What’s In a Name? For North Carolina Legislators, a Chance to Terminate HBCUs

Two years ago, the New York Times editorial board told the nation that the state of North Carolina was burning on every key policy and social issue that had come to represent progressive southern politics, thanks to the political shift of the governor’s office and the state congress to GOP control.

And one of the first things we knew that conservative politicians would try to claim would be the state’s public HBCUs – the last and largest publicly subsidized government agencies you’ll find anywhere that were created for black folks, and today are generally managed by black folks and predominantly serving black folks.

You knew the idea was coming last March when one legislator asked, “how many HBCUs do we really need?” You knew the plan had been developed when almost a year earlier, a state budget proposal which didn’t include Elizabeth City State was introduced and defeated, and the chancellor resigned shortly in December 2015.

And you know the plan is in action when legislators float documents to the media on the “Access to Affordable Education Act,” a plan that aims to lower tuition at public institutions, raises admissions standards, realigns academic missions and programs, and potentially changes the name of some campuses. The law would work in tandem with the state’s Guaranteed Admission Program, which directs high school graduates who finish on the margins of most college admission requirements to community colleges and the potential of transfer into a four-year institution.

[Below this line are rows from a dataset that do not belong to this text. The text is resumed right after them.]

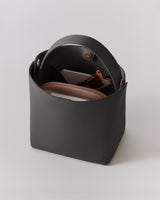Open handbag with items inside, including a wallet and a small pouch.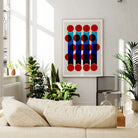 The Flicker print hanging in a bright, plant-filled room, its bold vertical rhythm and rich colours lending an air of movement and modernity to the space.
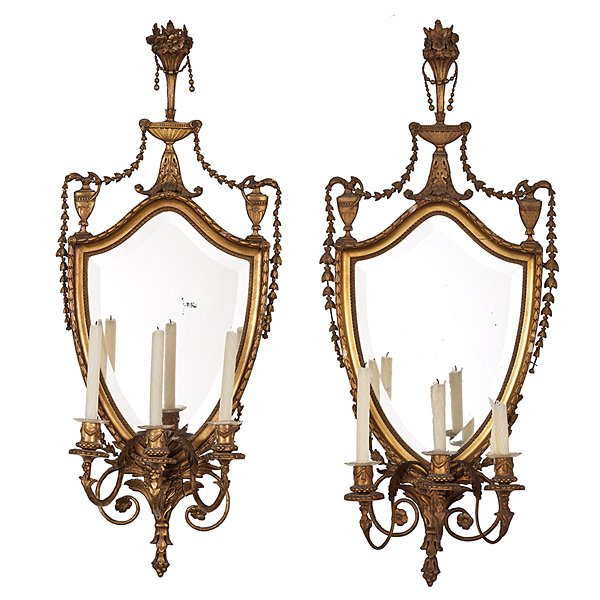 Adam-style Shield Form Sconces : Adam-style Shield Form Sconces English, 19th century. A pair of giltwood Adam-style shield form sconces with three candle sockets, beveled mirrors, surmounted with vase of flowers and two urns;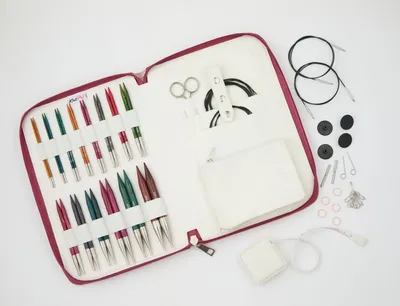 An open knitting needle set case with various knitting needles and accessories laid out on a white background.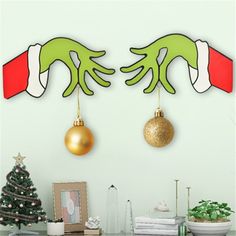 two green hands hanging from the ceiling with christmas decorations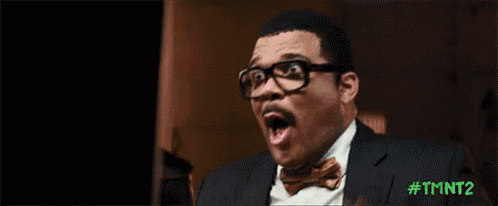 a man wearing glasses and a bow tie is sitting in front of a computer screen with his mouth open .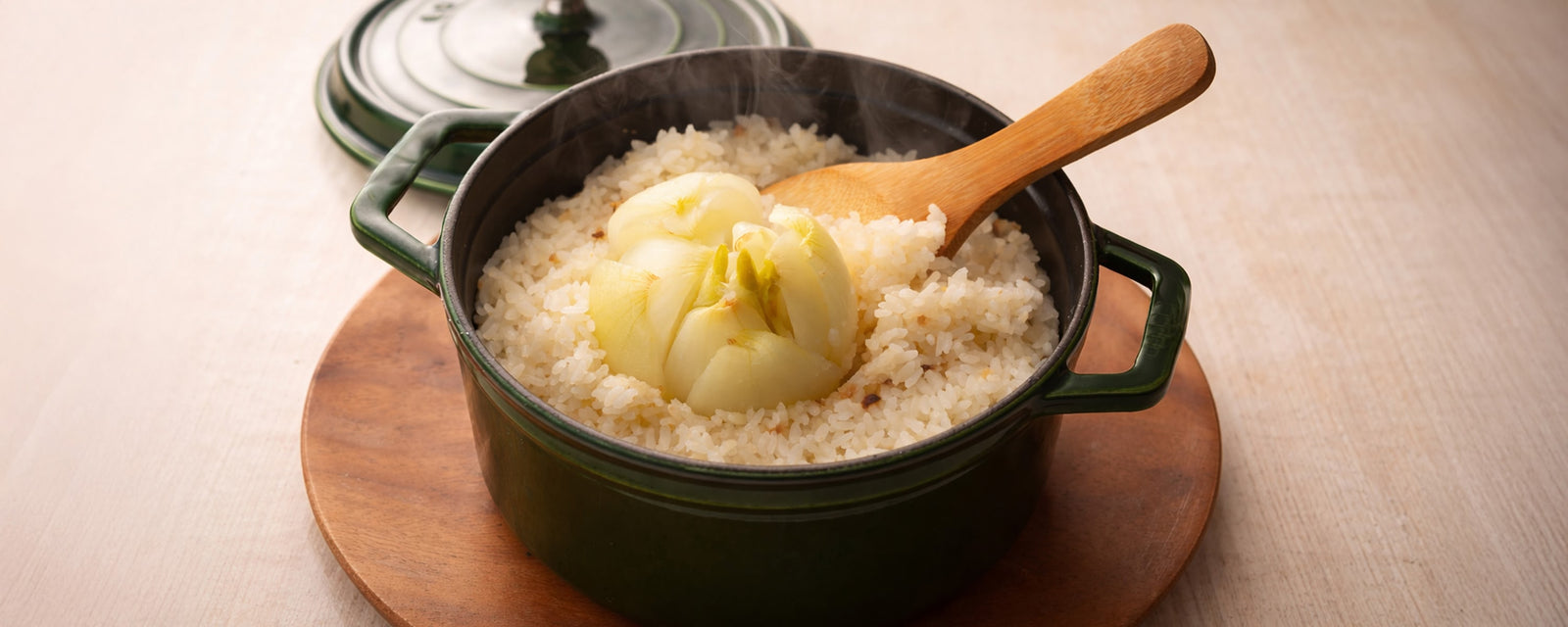 Japanese rice cooked with whole sweet onion in a pot, served with a wooden spoon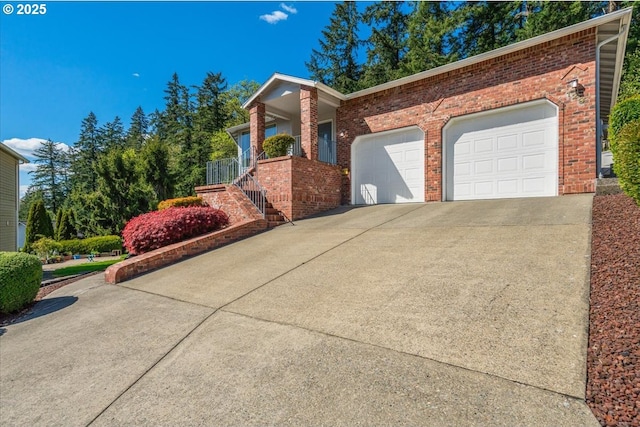 129 Cedar Falls Dr, Kelso, WA 98626 - exterior space with brick siding, an attached garage, stairs, and driveway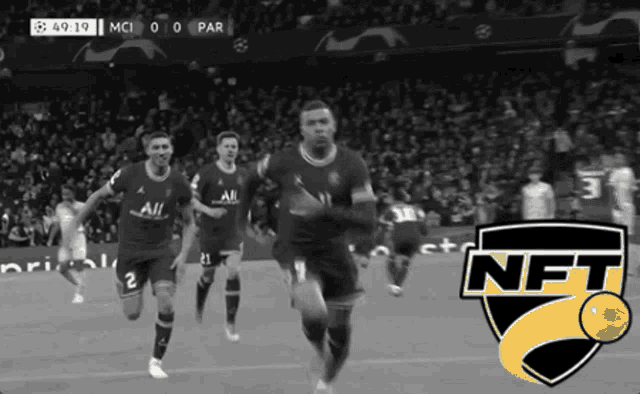 a group of soccer players running on a field with a nft logo in the corner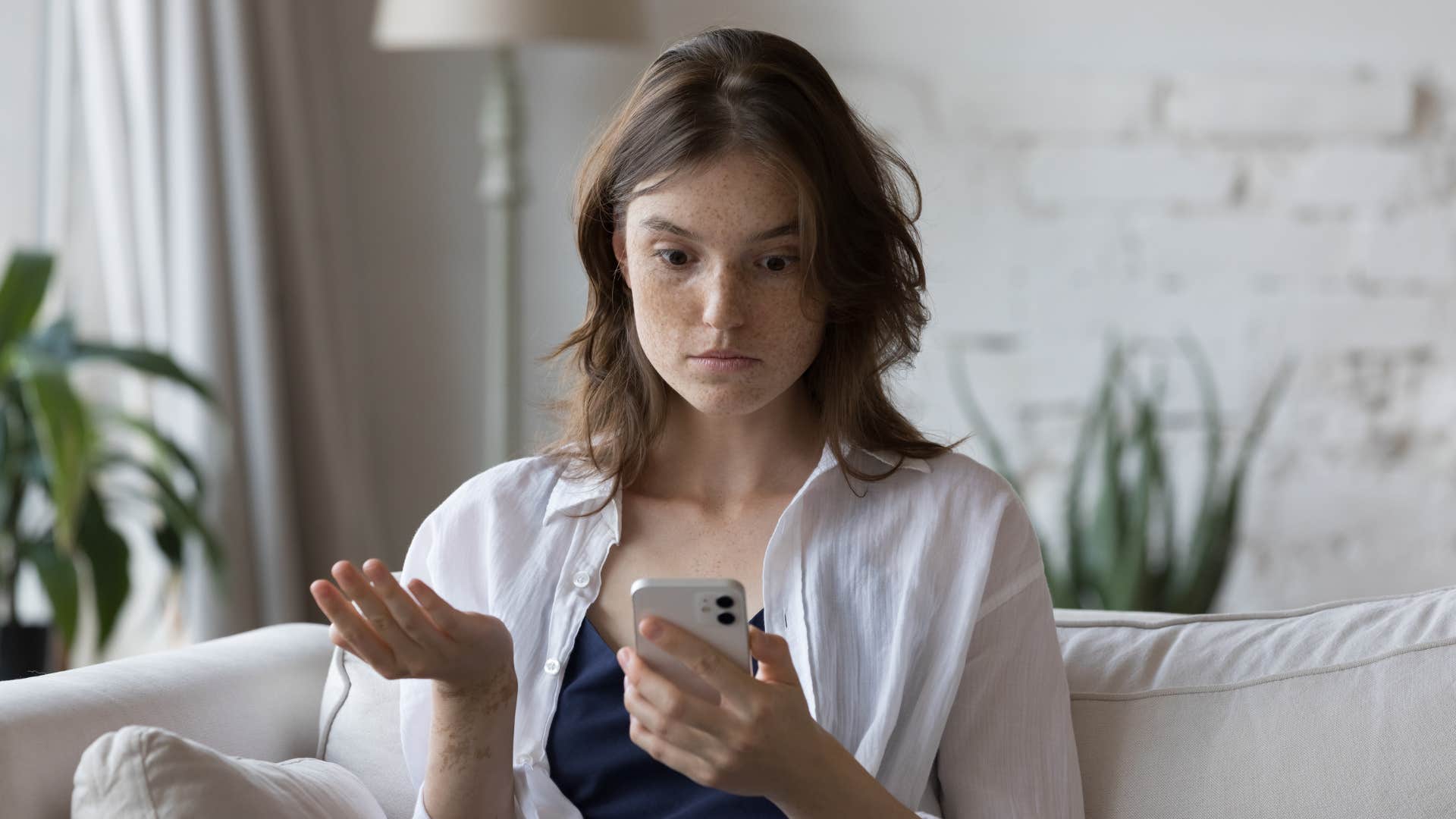 things adults with actual morals are tired of at this stage of their lives double standards woman in white shirt dealing with double standards as she looks at phone annoyed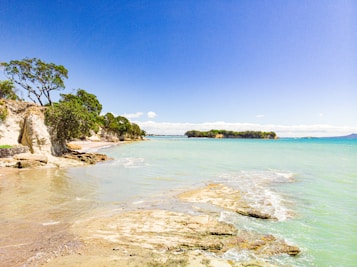 A serene coastal landscape features clear turquoise waters gently lapping against the rocky shoreline, with a distant view of a tree-lined island under a vibrant blue sky. The rocky formations and sandy beach are accentuated by patches of greenery, indicating a natural and untouched environment.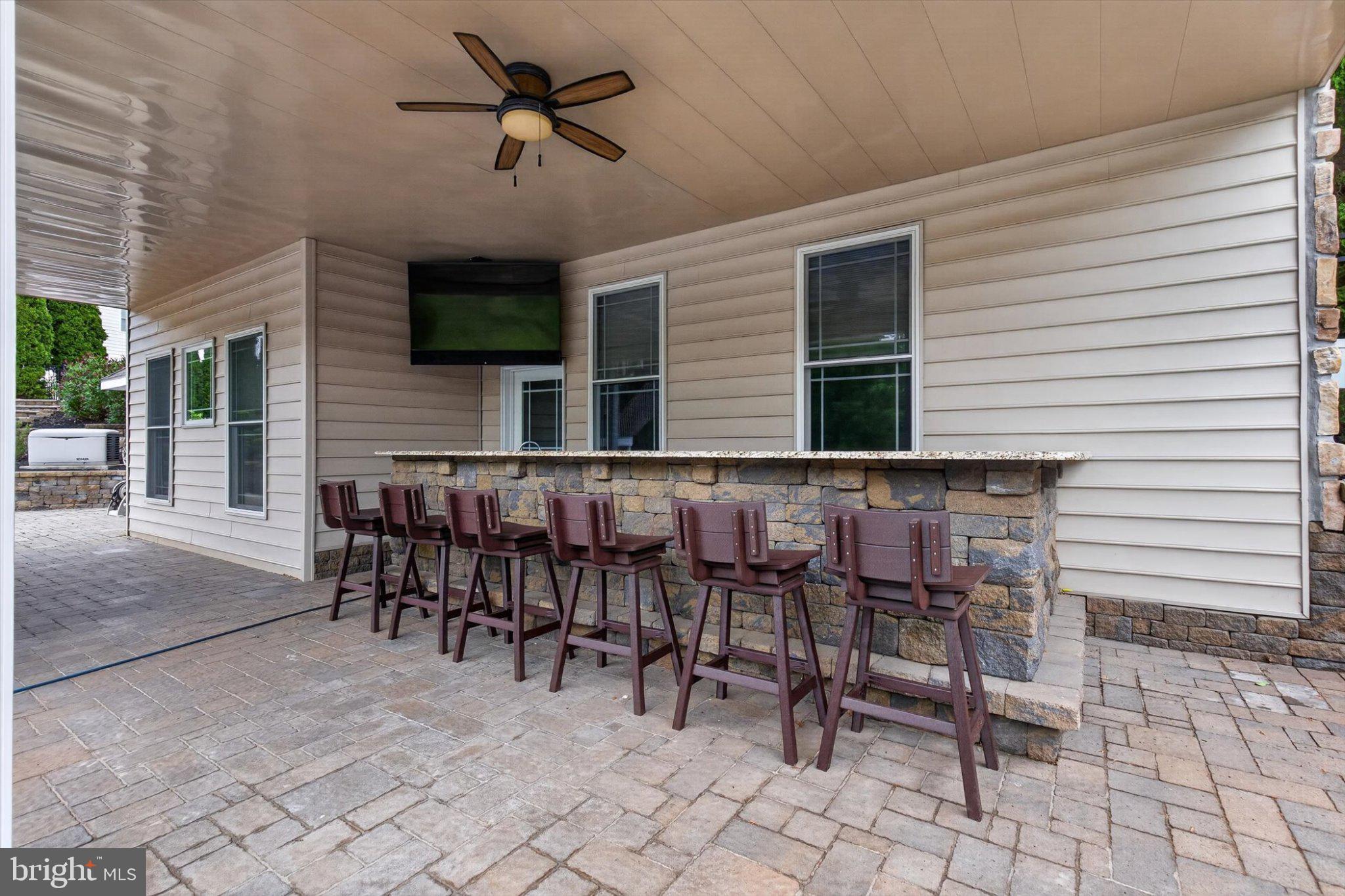 6505 Plowman Ridge Harrisburg, PA 17112 - Photo 63 of 83 Stylish outdoor bar for entertaining.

http://www.hbcudigest.com/sub/whats...lina-legislators-a-chance-to-terminate-hbcus/
 
I get the strange feeling that HBCUs in North Carolina will start experiencing much harder times. I'm sure North Carolina's legislators have come to realize that their state disproportionately have way more public HBCUs than the other states with public HBCUs. North Carolina has 5 public HBCUs (North Carolina A&T, North Carolina Central, Winston-Salem State, Fayetteville State, Elizabeth City State) compared to the state just north of it Virginia with only 2 public HBCUs (Norfolk State and Virginia State).